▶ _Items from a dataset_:
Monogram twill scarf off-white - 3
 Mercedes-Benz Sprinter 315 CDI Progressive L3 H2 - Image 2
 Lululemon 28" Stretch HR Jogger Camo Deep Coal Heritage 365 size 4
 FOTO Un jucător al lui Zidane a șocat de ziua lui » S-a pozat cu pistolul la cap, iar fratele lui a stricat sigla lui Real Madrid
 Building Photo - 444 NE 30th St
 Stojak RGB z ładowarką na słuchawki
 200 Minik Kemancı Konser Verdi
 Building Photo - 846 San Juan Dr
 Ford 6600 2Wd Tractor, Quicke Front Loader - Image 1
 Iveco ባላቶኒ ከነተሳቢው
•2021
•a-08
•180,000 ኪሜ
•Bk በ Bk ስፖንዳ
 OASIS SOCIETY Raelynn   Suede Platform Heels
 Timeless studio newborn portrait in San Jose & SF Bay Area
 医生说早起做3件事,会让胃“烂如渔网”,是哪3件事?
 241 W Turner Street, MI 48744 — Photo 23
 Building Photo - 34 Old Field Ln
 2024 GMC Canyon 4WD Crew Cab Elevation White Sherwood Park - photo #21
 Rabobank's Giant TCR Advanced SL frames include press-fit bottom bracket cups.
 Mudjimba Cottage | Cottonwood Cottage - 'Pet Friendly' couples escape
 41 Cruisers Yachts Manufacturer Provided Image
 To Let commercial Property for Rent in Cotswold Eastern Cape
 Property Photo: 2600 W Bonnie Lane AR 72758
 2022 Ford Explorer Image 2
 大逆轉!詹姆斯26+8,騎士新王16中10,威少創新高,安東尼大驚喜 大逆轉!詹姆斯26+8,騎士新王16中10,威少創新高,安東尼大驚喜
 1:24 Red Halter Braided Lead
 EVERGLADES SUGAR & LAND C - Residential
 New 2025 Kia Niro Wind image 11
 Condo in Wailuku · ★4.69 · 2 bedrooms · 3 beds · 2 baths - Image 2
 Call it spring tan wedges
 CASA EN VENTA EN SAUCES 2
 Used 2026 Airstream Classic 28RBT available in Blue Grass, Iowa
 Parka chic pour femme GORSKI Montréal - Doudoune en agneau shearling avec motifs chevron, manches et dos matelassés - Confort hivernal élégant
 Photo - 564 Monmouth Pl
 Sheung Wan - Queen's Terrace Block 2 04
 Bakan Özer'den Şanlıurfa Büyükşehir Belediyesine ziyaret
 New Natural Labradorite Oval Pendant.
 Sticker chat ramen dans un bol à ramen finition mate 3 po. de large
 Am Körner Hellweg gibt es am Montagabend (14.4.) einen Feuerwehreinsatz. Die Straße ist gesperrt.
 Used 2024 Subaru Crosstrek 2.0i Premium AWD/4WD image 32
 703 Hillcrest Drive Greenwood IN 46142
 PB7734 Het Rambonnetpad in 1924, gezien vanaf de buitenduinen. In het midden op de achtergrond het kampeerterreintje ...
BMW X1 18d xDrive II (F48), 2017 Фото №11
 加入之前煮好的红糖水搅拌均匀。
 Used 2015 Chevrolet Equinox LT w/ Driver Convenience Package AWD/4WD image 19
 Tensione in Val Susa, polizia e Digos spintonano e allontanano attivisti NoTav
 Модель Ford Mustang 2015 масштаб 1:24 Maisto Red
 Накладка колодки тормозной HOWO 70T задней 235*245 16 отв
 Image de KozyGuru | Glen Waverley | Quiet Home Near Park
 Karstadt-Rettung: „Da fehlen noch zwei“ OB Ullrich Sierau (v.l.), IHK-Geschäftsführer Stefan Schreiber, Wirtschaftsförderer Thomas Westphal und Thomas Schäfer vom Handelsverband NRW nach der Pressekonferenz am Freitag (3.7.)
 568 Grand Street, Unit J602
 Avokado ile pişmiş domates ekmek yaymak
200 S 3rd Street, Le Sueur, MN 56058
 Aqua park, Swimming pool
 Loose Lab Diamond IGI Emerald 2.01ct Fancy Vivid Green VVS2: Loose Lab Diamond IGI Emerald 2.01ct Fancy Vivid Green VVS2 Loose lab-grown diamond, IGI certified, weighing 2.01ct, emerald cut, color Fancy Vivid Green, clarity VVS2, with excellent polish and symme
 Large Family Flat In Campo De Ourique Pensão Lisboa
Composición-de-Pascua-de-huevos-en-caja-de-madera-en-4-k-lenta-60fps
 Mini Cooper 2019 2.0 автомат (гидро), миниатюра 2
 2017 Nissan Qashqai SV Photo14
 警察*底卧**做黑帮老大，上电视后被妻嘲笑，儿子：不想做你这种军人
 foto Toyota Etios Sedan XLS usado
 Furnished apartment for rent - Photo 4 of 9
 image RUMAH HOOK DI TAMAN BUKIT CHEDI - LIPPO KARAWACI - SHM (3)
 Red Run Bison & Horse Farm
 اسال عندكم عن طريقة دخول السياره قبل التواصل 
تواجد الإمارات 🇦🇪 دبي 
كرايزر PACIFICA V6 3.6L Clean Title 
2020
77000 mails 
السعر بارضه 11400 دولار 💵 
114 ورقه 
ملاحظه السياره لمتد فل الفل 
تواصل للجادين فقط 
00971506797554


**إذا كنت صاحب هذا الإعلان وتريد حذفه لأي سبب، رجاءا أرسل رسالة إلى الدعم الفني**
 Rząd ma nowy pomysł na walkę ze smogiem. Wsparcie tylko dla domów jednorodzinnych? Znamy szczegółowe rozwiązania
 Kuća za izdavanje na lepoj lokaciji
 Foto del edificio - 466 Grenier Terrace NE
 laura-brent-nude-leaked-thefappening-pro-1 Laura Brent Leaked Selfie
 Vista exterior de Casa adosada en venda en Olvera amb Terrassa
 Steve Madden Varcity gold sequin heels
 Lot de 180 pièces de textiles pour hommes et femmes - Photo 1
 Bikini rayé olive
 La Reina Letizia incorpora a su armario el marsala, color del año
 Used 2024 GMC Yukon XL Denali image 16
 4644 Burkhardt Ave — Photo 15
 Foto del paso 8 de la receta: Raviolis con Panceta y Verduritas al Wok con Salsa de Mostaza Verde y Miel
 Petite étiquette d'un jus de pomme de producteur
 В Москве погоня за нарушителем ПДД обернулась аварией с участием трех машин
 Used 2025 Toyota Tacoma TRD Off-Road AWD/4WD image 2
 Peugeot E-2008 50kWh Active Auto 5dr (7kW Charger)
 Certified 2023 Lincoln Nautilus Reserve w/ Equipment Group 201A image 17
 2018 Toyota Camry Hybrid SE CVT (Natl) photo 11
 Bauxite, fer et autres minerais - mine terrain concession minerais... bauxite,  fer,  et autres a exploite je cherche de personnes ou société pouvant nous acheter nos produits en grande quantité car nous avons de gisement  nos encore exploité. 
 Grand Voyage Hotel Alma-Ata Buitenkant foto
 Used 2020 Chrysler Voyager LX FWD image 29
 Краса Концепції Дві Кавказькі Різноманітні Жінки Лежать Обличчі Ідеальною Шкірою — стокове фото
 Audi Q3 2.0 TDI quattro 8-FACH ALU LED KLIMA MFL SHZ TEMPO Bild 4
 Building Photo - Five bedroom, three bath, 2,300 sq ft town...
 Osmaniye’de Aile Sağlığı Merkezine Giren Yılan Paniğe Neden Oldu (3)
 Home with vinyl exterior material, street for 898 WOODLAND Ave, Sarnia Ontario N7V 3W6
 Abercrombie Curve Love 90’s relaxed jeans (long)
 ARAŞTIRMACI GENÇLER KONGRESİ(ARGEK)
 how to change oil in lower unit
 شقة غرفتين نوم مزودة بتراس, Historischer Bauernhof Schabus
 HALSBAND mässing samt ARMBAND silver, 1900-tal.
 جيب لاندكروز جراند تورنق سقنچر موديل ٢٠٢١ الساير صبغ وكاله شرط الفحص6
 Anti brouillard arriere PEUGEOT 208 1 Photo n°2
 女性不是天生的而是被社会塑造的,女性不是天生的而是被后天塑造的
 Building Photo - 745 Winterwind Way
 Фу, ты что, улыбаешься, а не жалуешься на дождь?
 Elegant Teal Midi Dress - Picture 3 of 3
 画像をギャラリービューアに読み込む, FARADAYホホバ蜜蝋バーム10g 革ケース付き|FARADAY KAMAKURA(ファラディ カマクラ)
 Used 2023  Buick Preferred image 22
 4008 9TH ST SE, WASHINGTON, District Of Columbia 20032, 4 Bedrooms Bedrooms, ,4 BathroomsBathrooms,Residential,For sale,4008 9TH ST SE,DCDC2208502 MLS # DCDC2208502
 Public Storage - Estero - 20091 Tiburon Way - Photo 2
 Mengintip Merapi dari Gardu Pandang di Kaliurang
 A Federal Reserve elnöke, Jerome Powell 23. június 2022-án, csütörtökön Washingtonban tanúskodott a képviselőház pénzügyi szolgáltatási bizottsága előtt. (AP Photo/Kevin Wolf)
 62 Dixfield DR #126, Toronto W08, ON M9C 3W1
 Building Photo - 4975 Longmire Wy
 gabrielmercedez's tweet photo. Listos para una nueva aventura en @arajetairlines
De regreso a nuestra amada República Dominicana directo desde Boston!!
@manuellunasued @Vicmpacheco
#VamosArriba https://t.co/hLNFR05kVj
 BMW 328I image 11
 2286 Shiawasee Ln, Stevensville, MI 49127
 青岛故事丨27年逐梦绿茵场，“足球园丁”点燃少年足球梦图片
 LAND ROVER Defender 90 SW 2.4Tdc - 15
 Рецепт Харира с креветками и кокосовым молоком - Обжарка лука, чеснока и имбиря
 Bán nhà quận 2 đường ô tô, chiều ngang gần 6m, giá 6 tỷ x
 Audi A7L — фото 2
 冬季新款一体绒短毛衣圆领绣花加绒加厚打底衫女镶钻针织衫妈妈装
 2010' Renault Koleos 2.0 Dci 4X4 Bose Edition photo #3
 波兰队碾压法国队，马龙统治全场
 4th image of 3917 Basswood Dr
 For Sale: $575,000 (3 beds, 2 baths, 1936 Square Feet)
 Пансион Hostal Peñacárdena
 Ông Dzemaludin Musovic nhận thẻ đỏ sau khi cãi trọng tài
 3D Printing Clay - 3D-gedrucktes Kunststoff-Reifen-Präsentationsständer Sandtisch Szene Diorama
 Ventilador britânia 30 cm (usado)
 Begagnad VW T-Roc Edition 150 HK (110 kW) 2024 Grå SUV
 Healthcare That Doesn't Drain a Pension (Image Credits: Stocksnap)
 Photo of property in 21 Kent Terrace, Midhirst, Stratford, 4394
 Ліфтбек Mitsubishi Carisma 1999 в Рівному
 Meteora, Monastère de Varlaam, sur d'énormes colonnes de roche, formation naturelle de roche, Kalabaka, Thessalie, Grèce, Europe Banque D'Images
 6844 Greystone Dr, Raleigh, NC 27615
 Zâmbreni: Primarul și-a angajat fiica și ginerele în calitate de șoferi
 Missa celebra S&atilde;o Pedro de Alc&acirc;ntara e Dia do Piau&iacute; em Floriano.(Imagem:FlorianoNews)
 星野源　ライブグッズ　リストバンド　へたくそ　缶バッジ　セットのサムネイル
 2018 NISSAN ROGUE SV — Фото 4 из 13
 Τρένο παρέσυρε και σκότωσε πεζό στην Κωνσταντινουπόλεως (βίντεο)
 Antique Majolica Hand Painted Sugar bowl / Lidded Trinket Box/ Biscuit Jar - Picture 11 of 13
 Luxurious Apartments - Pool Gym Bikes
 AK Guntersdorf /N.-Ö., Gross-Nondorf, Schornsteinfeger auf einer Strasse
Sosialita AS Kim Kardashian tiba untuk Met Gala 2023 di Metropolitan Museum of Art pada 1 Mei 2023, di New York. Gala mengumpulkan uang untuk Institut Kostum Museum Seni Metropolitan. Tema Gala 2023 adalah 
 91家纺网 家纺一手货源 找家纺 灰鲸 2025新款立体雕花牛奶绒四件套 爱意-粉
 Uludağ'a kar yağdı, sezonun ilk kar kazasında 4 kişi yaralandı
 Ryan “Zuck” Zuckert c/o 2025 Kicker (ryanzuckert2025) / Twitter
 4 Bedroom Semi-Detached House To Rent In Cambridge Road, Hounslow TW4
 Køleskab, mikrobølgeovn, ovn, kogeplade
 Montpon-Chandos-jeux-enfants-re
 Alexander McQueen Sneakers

▶ _Task to complete_:
Take exactly the lines from the one containing "Stojak RGB z ładowarką na słuchawki" through the one containing "Накладка колодки тормозной" in the data above, and output them with nothing added.

▶ _Your solution_:
 Stojak RGB z ładowarką na słuchawki
 200 Minik Kemancı Konser Verdi
 Building Photo - 846 San Juan Dr
 Ford 6600 2Wd Tractor, Quicke Front Loader - Image 1
 Iveco ባላቶኒ ከነተሳቢው
•2021
•a-08
•180,000 ኪሜ
•Bk በ Bk ስፖንዳ
 OASIS SOCIETY Raelynn   Suede Platform Heels
 Timeless studio newborn portrait in San Jose & SF Bay Area
 医生说早起做3件事,会让胃“烂如渔网”,是哪3件事?
 241 W Turner Street, MI 48744 — Photo 23
 Building Photo - 34 Old Field Ln
 2024 GMC Canyon 4WD Crew Cab Elevation White Sherwood Park - photo #21
 Rabobank's Giant TCR Advanced SL frames include press-fit bottom bracket cups.
 Mudjimba Cottage | Cottonwood Cottage - 'Pet Friendly' couples escape
 41 Cruisers Yachts Manufacturer Provided Image
 To Let commercial Property for Rent in Cotswold Eastern Cape
 Property Photo: 2600 W Bonnie Lane AR 72758
 2022 Ford Explorer Image 2
 大逆轉!詹姆斯26+8,騎士新王16中10,威少創新高,安東尼大驚喜 大逆轉!詹姆斯26+8,騎士新王16中10,威少創新高,安東尼大驚喜
 1:24 Red Halter Braided Lead
 EVERGLADES SUGAR & LAND C - Residential
 New 2025 Kia Niro Wind image 11
 Condo in Wailuku · ★4.69 · 2 bedrooms · 3 beds · 2 baths - Image 2
 Call it spring tan wedges
 CASA EN VENTA EN SAUCES 2
 Used 2026 Airstream Classic 28RBT available in Blue Grass, Iowa
 Parka chic pour femme GORSKI Montréal - Doudoune en agneau shearling avec motifs chevron, manches et dos matelassés - Confort hivernal élégant
 Photo - 564 Monmouth Pl
 Sheung Wan - Queen's Terrace Block 2 04
 Bakan Özer'den Şanlıurfa Büyükşehir Belediyesine ziyaret
 New Natural Labradorite Oval Pendant.
 Sticker chat ramen dans un bol à ramen finition mate 3 po. de large
 Am Körner Hellweg gibt es am Montagabend (14.4.) einen Feuerwehreinsatz. Die Straße ist gesperrt.
 Used 2024 Subaru Crosstrek 2.0i Premium AWD/4WD image 32
 703 Hillcrest Drive Greenwood IN 46142
 PB7734 Het Rambonnetpad in 1924, gezien vanaf de buitenduinen. In het midden op de achtergrond het kampeerterreintje ...
BMW X1 18d xDrive II (F48), 2017 Фото №11
 加入之前煮好的红糖水搅拌均匀。
 Used 2015 Chevrolet Equinox LT w/ Driver Convenience Package AWD/4WD image 19
 Tensione in Val Susa, polizia e Digos spintonano e allontanano attivisti NoTav
 Модель Ford Mustang 2015 масштаб 1:24 Maisto Red
 Накладка колодки тормозной HOWO 70T задней 235*245 16 отв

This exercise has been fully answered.